In 2011, Pfizer announced a novel clinical trial that would be fully remote, with every aspect of the trial being handled either online, over the phone, or by mail. But that trial was cancelled due to a failure to recruit enough participants, and a promised mulligan never emerged.
Craig Lipset, Pfizer's Head of Clinical Innovation, said at the BIO conference in Philadelphia yesterday that since 2011, Pfizer has incorporated many successful facets of that trial into its ongoing efforts -- and has put the failed aspects out there for other companies to learn from.
"For us, we took away a series of modules that worked and one that didn’t," he said. "That’s not meant to imply that online medication recruitment is a failure. In this particular protocol going after that particular patient population it did fail for us, but the other components did work. So our priority has been to take those components that did work, whether it’s electronic consent or other components, and scale those up. Because we’ve got 200-some clinical trials ongoing every day of the week, so how can we leverage what did work?"

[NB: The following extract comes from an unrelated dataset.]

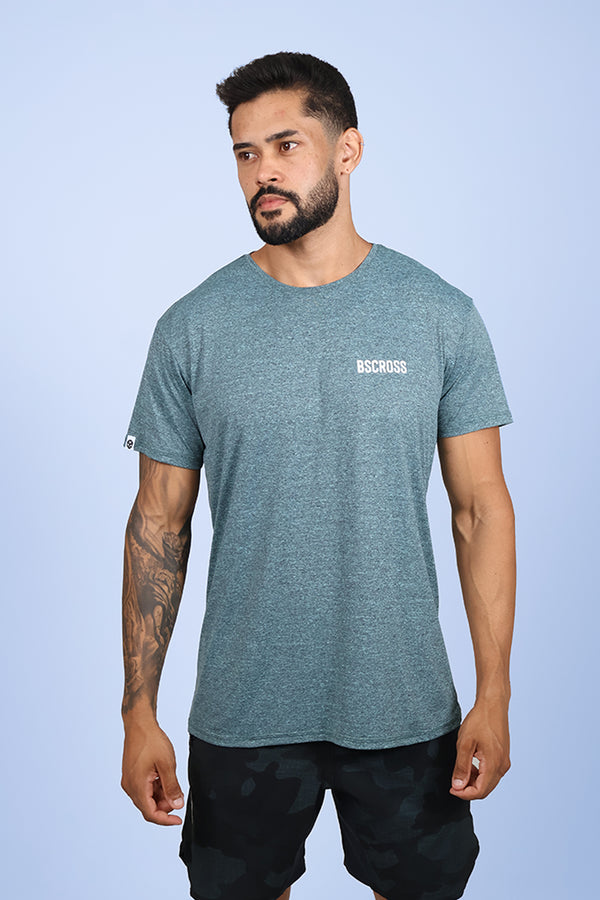 Cam Masc Skull Movements - Miradouro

He said he's been impressed with the other pharma companies that have made their own attempts at remote trials. Lipset didn't name any specifically, but notably Sanofi announced a fully remote trial in February.
"What didn’t work, we’ve socialized, we’ve published, we’ve shared in another form," Lipset said. "We shared it not just out of altruism, we shared it because, if it’s just a Pfizer thing, we’re not going to have support from regulators and other providers. We needed it to be more widely adopted. And I’ve been encouraged that there now have been at least three other pharma companies that have picked up where we left the ball on the field and have taken that farther down. And I’m optimistic that they’ll continue to share so that, as you said, it becomes more than just clever little pilots and much more of a mainstream tool."
Remote trials are becoming more important to pharma not just because of the cost savings, but because of the emerging conflict between personalized medicine and the traditional clinical trial infrastructure. Dr. Sanjiv Agarwala, chief of medical oncology & hematology at St. Luke’s Cancer Center in Bethlehem, Pennsylvania, described the future of personalized medicine as one where drugs will be made to order for individual patients based on their genetic markers -- a future where each drug treats so few patients that the clinical trial as we know it won't make sense.
"Regulatory needs to agree that [they] will approve a drug when you show that it works in a certain group of people because there is a genetic target and you hit it that it works, and [they] don’t need you then to take 500 patients and randomize half of them to that drug that you think has a pretty good shot at working and put the others on something that you know doesn’t work as well," he said. "We’re going to need to find a better way to test our drugs, treat the patients, collect the data post-treatment to understand and fine-tune it."
Lipset pointed out that remote trials could help in this area because connected devices collect so much more data than trials used to collect, and that data could help companies to identify the very specific phenotypes needed for a given trial.
"It’s really an evolution of [our remote trial] tools to not just create an opportunity to capture comparable data, but enable us to generate data of unprecedented variety and depth," he said. "We could use that with molecular data to find subgroups we didn’t have the resources to go after before."
Another group that is working on collecting large sets of data is the Joslin Diabetes Center. Joslin President and CEO John Brooks spoke at the conference about how Joslin is looking at ways to use that data to investigate the possibilities of precision medicine.
"The interesting thing about diabetes is we have this opportunity to really harvest this rich genetic information, but at the same time how do we couple that with all the environmental factors?" he said. "We know in many parts of the world air pollution, water pollution play a major role in the prevention of diabetes. But more importantly, we also understand that the aging process plays a significant role [as does] food, diet, exercise, and lifestyle behavior. And then the other element of diabetes, the fact that many people who have diabetes are now taking advantage of all these smart glucometers, CGMs, and all that data that’s being collected, wearable data, physiological data. How do we take that data, turn it into something that’s actually intelligible, and use that to give us better insights as we enfold that genetic information?"
There aren't any obvious solutions to the problem of how to investigate precision medicine drugs, but there are some promising leads. Computer modeling could eventually substitute live trials to some extent, or pharma companies could tap a variety of data sources to investigate the effects of drugs in real time or to easily find and recruit the right subjects for trials. All the speakers agreed, however, that the status quo wasn't going to cut it.
"We have models of clinical development that were built for a blockbuster era," said Lipset. "...We need new approaches that are able to help us identify patients more appropriately, and other ways of capturing and data. Whether it’s partnering with health systems or partnering with patients to aggregate and share data on their own. Because in today’s state in healthcare, we as patients have unprecedented access to our own data, and our own ability to serve as data hubs and aggregators of our own data. And patients have that willingness to share their data to support research. When you couple that with different molecular approaches, that creates tremendous opportunities for us to actually scale clinical trials."